Harm smiled briefly and dropped his right hand on to her shoulder where he gave her a gentle squeeze, and where much to his relief she seemed content to let it rest.
"But what are you going to do for a regular income?" She persisted.
"Well, I thought that I'd stay crop dusting until the season ends, and in the meantime start hawking my résumé around the local law firms, see if anyone wants a trial attorney who knows his way around international and maritime law."
"H'mm, Harm, are you sure about this thing we're trying here? I mean, we're talking about buying a house together, while you don't have a regular steady income. Are you sure that you're really up for this?"
"There goes, momma bear," he smiled again to reassure her, "looking out for her family. Catherine, you're in this with me as a partnership, right, fifty/fifty all the way?"
"Yeah…"
"So you plan on contributing fifty percent of the purchase price?"
"Yeah, and the furniture, and whatever."
"Well we're fine, then. My share of the house is not going to be a problem. I have some money put by, and I own the lease on this apartment and I can either sell it, or sub-let it. I haven't made a decision about that yet. But I am more than covered for my half share of house, furniture, furnishings and fixings!"
"Oh." Catherine relaxed and let her head drop onto Harm's shoulder, as his hand slipped down to rest on her upper arm.
"But mention of family, reminds me…"
"Oh?" It suddenly struck Catherine that she wasn't making much of an intelligent contribution to the conversation. "Uh… I mean, how come you've never mentioned you had such fabulous sums hidden under your mattress?"

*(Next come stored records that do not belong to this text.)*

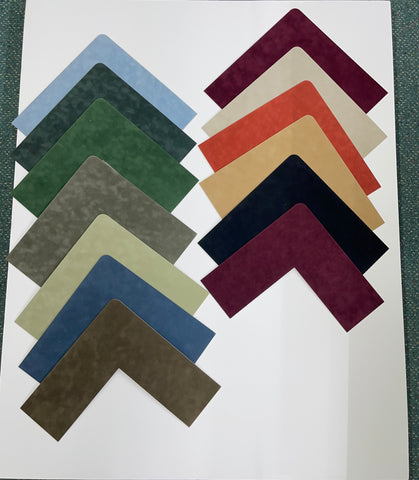 Custom Matting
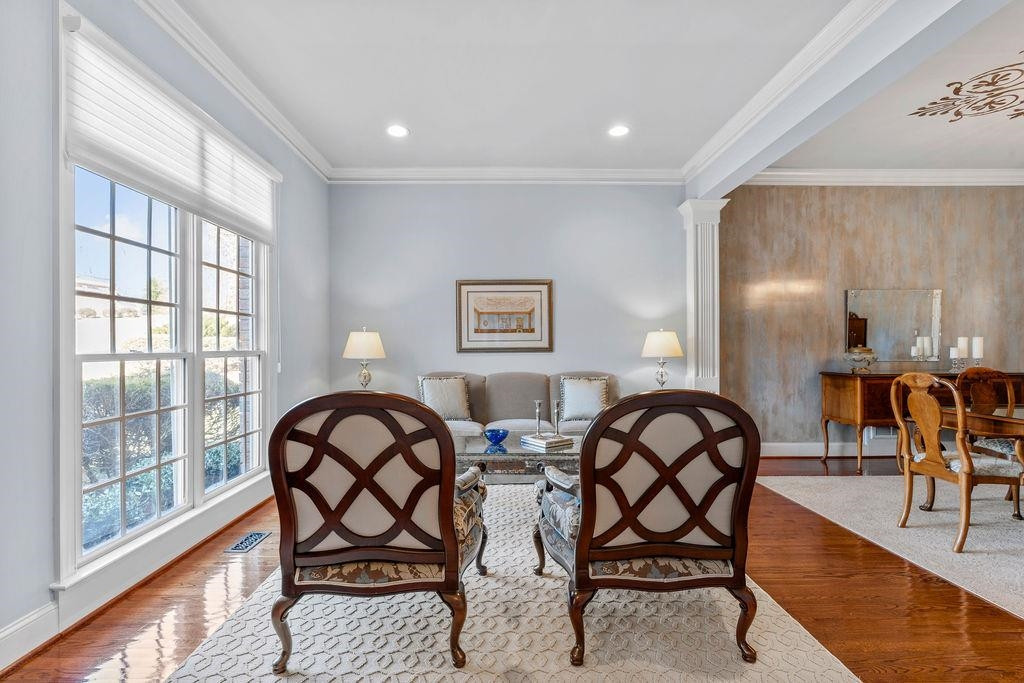 5844 Applegarth Lane Raleigh, NC 27614 - Photo 10 of 71 Photo 10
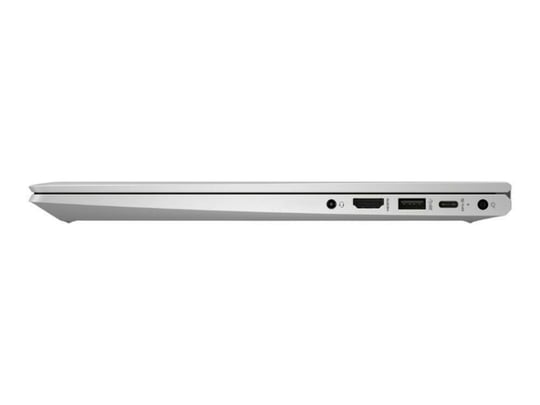 HP ProBook x360 435 G8 (Touchscreen) — AMD Ryzen 7 Pro 5850U, 32GB DDR4, Nem, Jó állapot — látható használati nyomokkal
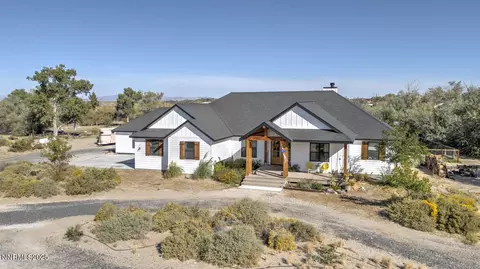 3334 Boyer Rd, Fallon, NV 89406 photo 3
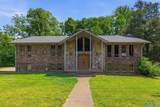 12021 Bell Mountain Drive - Photo 1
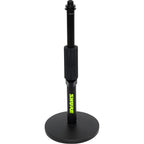 Shure SH-DESKTOP1 desktop microphone stand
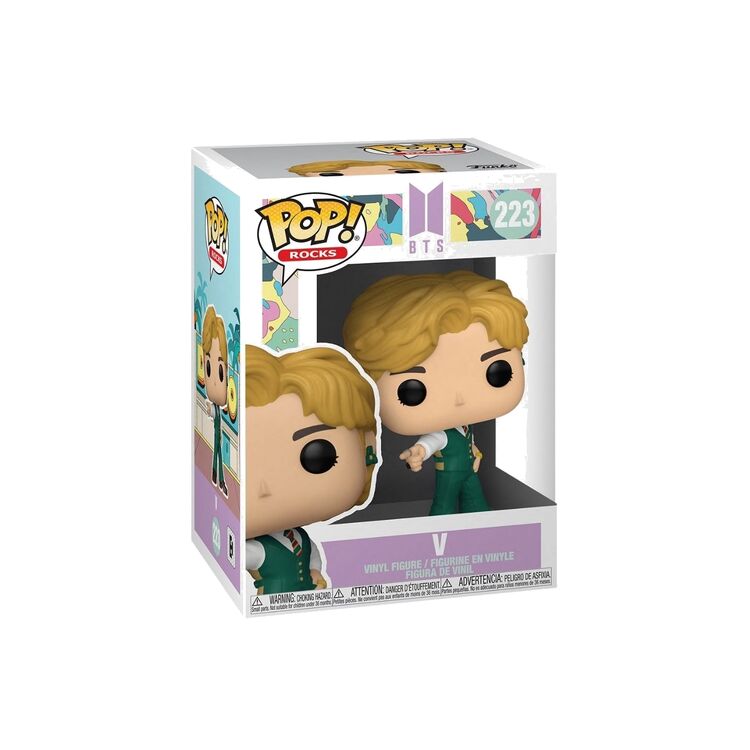 Product Funko Pop! BTS V image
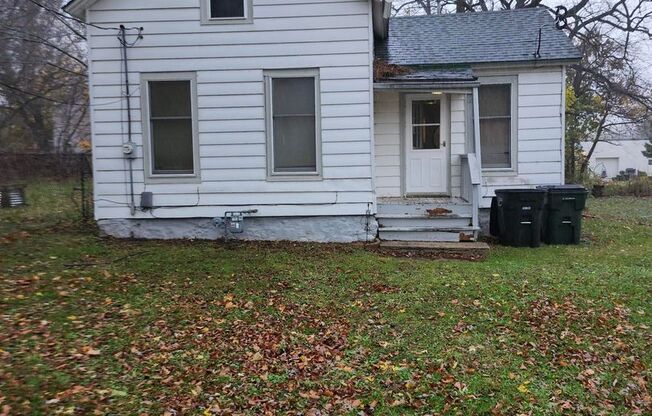 Salem 2 Bedroom 1 Bath Single Family home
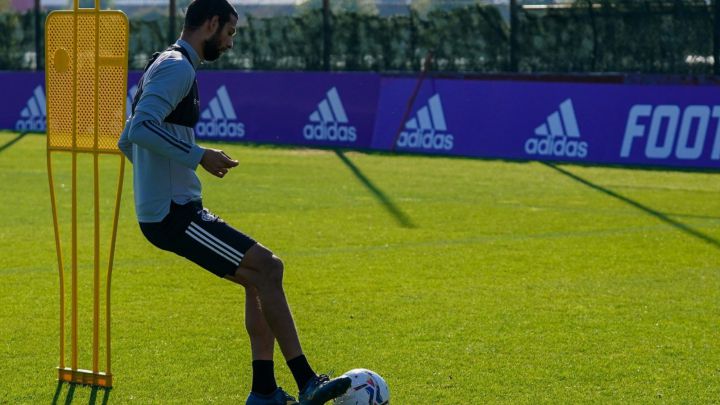 Joaquín empieza a despertar el interés de varios clubes.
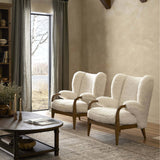 Sedoni Chair, Andes Natural - Amber Lewis-Furniture - Chairs-High Fashion Home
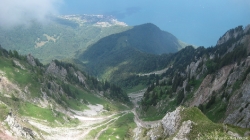 Grammont, 2172m - 04.06.2011 5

"Well, I didn't want my family, my mom, to get the idea that you were some kind of gold-digger, and so if I didn't tell you about the crock of gold, then you'd have plausible deniability."
"And what have you told your mom?"
"Oh, I haven't told her anything. I told your mom, so by my reckoning it's your turn to tell my mom!"
"Harm!" she almost squealed in protest, "You cannot expect me, a total stranger, to call your mom and tell her that we're setting up house together, and that you're taking responsibility for another man's child! Or…" and the thought vaguely troubled her, "are you going to tell her that she's your baby?"
"No, I'm not going to lie to her, not about that. I'll simply tell her that my name is on the birth certificate to help protect our baby as she grows up, and that I am more than happy to be a good step dad. My own step dad, Frank, once told me that there's much more to being a parent than just contributing to the gene pool. "And anyway," he said in a livelier manner, "You won't be alone; you've got one valuable ally!"
"Oh?" Catherine queried.
"Yeah, you've got Elizabeth, once mom finds out about her; she'll just wave everything else aside as irrelevant!"
"Oh." Damn! Back with the meaningless monosyllables!